Senate moves to allow Colleges of Education award first degrees

A bill to repeal the Federal Colleges of Education Act, 1986 and to re-enact Federal Colleges of Education, 2018, was read for the second time on Wednesday.

Barau Jibrin, the senator who led the debate of the bill, moved that the bill be amended to accommodate new provisions – one of which is to allow Federal Colleges of Education award first degrees, like universities.

Although, Colleges of Education currently award Nigeria Certificate in Education (NCE), Mr Jibrin said the issuance of the new degree would only be on the approval of regulatory agencies governing the institutions.

He also proposed a period of five years for Provost of the Colleges as against the previous four years which is similar to that of Vice Chancellors of Nigerian Universities.

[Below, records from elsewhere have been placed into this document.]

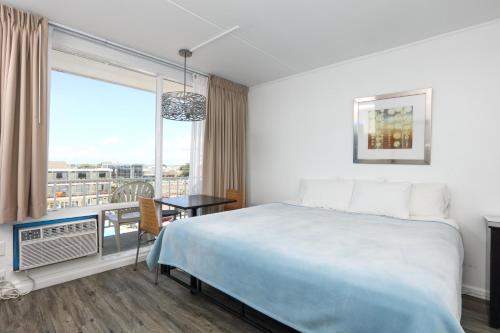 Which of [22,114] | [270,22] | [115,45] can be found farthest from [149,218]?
[270,22]

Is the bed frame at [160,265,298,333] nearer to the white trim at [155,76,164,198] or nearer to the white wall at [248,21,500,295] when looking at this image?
the white trim at [155,76,164,198]

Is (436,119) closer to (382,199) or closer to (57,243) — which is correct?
(382,199)

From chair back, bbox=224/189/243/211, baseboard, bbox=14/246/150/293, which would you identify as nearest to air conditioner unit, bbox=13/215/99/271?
baseboard, bbox=14/246/150/293

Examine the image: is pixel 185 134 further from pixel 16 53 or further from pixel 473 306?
pixel 473 306

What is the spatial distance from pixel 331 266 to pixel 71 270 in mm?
2716

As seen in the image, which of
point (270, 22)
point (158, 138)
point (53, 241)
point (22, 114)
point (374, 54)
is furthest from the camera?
point (158, 138)

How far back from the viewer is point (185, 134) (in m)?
3.86

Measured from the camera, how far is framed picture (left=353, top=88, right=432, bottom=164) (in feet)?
8.98

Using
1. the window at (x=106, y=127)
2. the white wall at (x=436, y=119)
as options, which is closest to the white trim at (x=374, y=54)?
the white wall at (x=436, y=119)

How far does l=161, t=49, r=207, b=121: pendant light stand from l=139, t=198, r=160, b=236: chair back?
0.95 m

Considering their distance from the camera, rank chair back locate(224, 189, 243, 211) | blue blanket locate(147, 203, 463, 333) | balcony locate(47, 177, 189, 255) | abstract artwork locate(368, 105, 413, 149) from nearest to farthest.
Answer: blue blanket locate(147, 203, 463, 333)
abstract artwork locate(368, 105, 413, 149)
balcony locate(47, 177, 189, 255)
chair back locate(224, 189, 243, 211)

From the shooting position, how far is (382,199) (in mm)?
2676

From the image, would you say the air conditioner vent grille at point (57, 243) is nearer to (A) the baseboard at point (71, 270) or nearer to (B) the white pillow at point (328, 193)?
(A) the baseboard at point (71, 270)

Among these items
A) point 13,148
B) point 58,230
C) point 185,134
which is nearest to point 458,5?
point 185,134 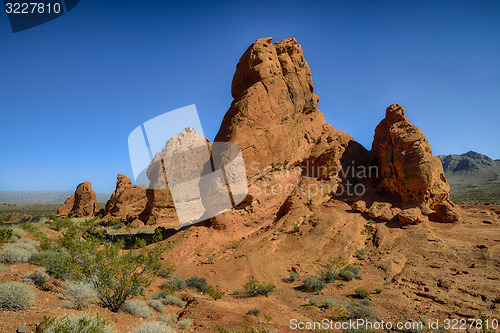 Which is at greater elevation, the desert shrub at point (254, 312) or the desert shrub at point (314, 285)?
the desert shrub at point (254, 312)

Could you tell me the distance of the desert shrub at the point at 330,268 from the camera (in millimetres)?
11594

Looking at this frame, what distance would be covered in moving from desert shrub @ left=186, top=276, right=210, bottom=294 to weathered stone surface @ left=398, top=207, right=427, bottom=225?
11.1 meters

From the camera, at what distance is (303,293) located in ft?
34.5

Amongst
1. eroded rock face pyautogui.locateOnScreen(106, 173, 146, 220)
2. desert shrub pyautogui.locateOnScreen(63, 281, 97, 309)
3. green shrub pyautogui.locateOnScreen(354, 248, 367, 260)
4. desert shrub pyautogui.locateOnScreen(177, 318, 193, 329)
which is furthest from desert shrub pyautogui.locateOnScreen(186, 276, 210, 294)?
eroded rock face pyautogui.locateOnScreen(106, 173, 146, 220)

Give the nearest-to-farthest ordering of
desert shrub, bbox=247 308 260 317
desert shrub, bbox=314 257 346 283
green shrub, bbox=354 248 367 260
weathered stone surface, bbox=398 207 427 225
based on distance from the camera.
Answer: desert shrub, bbox=247 308 260 317, desert shrub, bbox=314 257 346 283, green shrub, bbox=354 248 367 260, weathered stone surface, bbox=398 207 427 225

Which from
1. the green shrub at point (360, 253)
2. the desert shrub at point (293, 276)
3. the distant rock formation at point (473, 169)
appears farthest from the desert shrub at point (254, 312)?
the distant rock formation at point (473, 169)

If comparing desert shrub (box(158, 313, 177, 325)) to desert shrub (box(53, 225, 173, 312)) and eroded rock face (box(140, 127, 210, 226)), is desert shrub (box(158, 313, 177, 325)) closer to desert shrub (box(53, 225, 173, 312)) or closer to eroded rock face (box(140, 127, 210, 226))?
desert shrub (box(53, 225, 173, 312))

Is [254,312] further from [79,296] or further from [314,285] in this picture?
[79,296]

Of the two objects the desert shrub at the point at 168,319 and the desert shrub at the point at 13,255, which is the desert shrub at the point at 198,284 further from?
the desert shrub at the point at 13,255

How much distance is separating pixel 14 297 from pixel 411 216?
1649cm

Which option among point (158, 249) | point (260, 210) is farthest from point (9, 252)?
point (260, 210)

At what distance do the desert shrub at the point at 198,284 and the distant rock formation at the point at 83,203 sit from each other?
3613 centimetres

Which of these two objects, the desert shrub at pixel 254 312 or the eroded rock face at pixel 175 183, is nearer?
the desert shrub at pixel 254 312

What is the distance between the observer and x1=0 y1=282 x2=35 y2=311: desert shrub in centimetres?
532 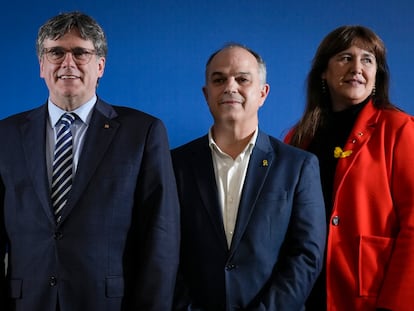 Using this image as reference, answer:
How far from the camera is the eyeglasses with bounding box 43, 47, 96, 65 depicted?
1.78 meters

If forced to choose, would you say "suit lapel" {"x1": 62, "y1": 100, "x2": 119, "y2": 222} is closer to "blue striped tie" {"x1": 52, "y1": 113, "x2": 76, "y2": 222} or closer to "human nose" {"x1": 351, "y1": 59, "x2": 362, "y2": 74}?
"blue striped tie" {"x1": 52, "y1": 113, "x2": 76, "y2": 222}

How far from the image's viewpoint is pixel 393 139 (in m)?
1.99

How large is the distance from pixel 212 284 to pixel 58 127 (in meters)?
0.74

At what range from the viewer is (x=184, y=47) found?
111 inches

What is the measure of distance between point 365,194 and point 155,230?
2.63 feet

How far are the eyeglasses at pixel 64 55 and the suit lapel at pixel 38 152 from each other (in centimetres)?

Bursars and Registrars of Colleges have also been provided a single tenure of five years.

The bill further seeks the provision of two Deputy Provosts – one Provost for Academic and another for Administration.

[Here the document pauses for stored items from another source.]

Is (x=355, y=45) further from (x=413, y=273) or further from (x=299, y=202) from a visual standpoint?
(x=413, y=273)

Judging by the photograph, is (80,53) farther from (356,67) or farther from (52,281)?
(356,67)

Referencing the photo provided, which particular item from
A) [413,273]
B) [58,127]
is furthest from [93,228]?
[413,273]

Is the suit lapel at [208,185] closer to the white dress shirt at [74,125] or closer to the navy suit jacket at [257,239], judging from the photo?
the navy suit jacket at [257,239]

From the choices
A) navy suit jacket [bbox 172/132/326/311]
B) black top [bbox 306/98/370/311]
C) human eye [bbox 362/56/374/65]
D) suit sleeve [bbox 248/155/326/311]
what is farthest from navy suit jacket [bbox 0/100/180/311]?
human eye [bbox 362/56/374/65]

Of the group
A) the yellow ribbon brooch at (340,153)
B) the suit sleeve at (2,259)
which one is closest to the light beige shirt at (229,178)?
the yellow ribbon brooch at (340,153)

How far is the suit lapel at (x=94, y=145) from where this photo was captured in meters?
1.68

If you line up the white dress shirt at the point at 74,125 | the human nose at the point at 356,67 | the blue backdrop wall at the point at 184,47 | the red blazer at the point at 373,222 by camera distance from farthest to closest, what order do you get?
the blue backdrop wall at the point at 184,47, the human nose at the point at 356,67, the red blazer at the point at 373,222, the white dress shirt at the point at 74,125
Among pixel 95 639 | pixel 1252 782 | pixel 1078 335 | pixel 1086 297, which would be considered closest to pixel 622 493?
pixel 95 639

It also seeks to increase promotional materials, trainings, benefits and welfare for lecturers in Colleges of Education, to the packages allotted to university professors.

The lawmaker explained that these amendments seek to stop the dichotomy between the federal colleges and universities.

Another bill passed for second reading is a bill to repeal the National Commission for Colleges of Education Act (No.3) of 1989 and to establish the National Commission for Teacher Education and other related matters.

The bill according to the sponsor, Mr Jibrin, will make the executive secretary of the National Commission for College of Education have a tenure of five years which will be renewable as contained in similar position in the Nigerian Universities Commission (NUC).

He said the commission’s age of retirement, welfare packages and other entitlements will be the same as that of NUC.


The Senate also read for the second time, a bill to provide for the establishment of the School of Mines and Geological Studies, Guyuk, Adamawa State.

The bill was initiated according to the sponsor of the bill, Ahmad Abubakar, following the shortage of skills and manpower faced in the mining sector.

“The challenge is more serious in northern states because only one state has such establishment located in Jos, Plateau State. It would provide courses for training, conduct research, work with stakeholders in the sector and it would create 3 million jobs by 2020,” he said.

Supporting this bill, a senator, Bala Na’Allah, stated that the cost implication to establish the bill is what Nigeria loses per week hence the need to establish the institution, while Barnabas Gemade canvassed for the establishment of a similar institution for the North-west.

The named bills were passed for second reading and referred to the Senate committee on tertiary institutions and the Tertiary Education Trust Fund (TETFUND), to report back in four weeks.